• **DATA SEGMENT**:
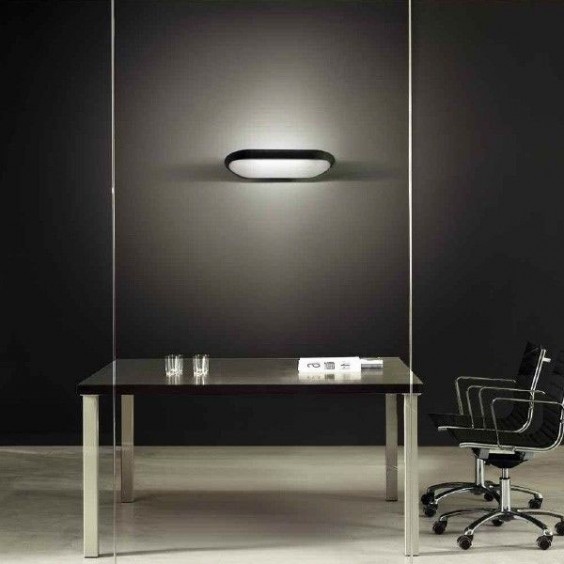 Sestessa Maxi Lampada da parete Cini & Nils - Agof Store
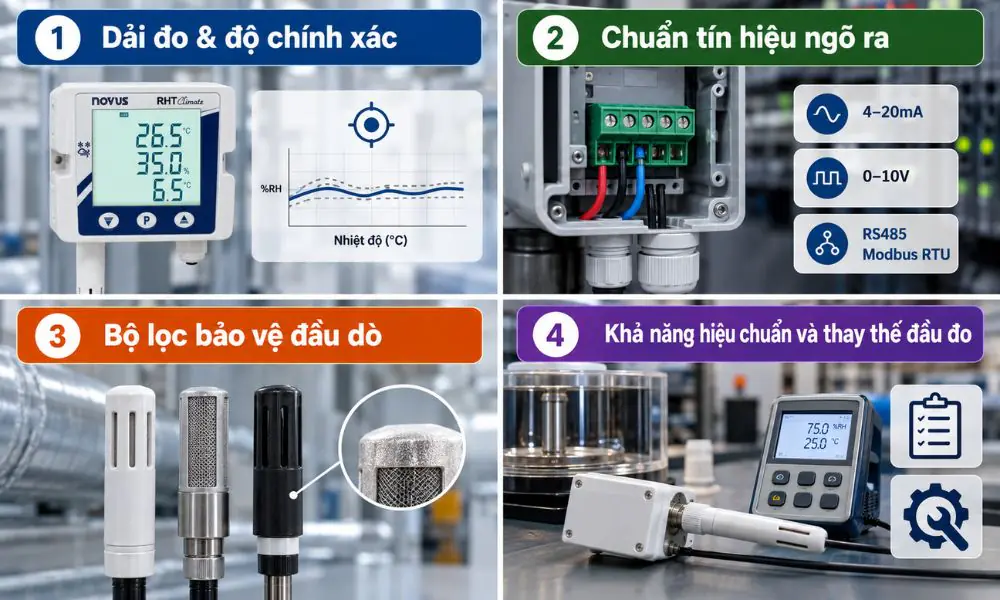 Cảm biến độ ẩm – hình 3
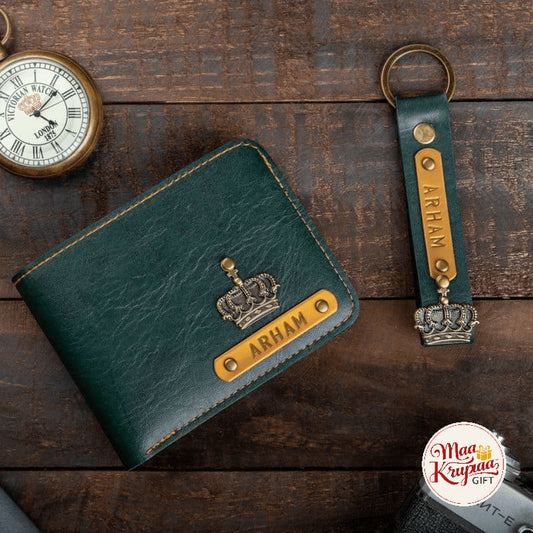 CUSTOMISE NAME WALLET IN KITCHEN P5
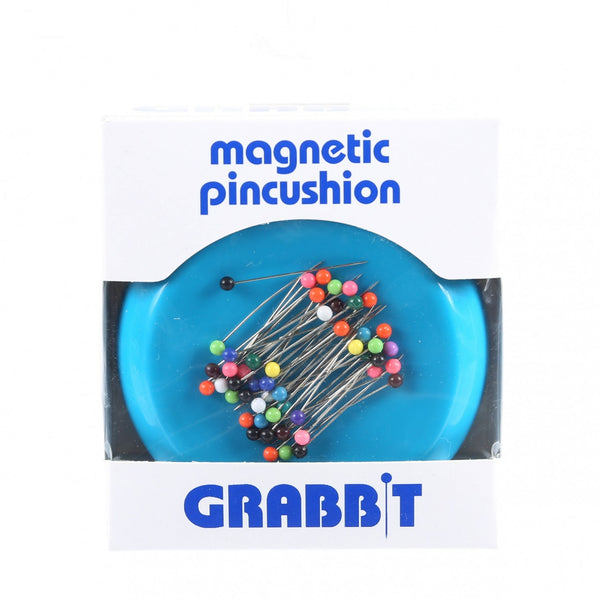 Magnetic Pincushion Assorted Colors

• **ACTIVITY**: Return the listing above word for word, with the pictures removed.

• **TASK RESPONSE**:
 Sestessa Maxi Lampada da parete Cini & Nils - Agof Store
 Cảm biến độ ẩm – hình 3
 CUSTOMISE NAME WALLET IN KITCHEN P5
 Magnetic Pincushion Assorted Colors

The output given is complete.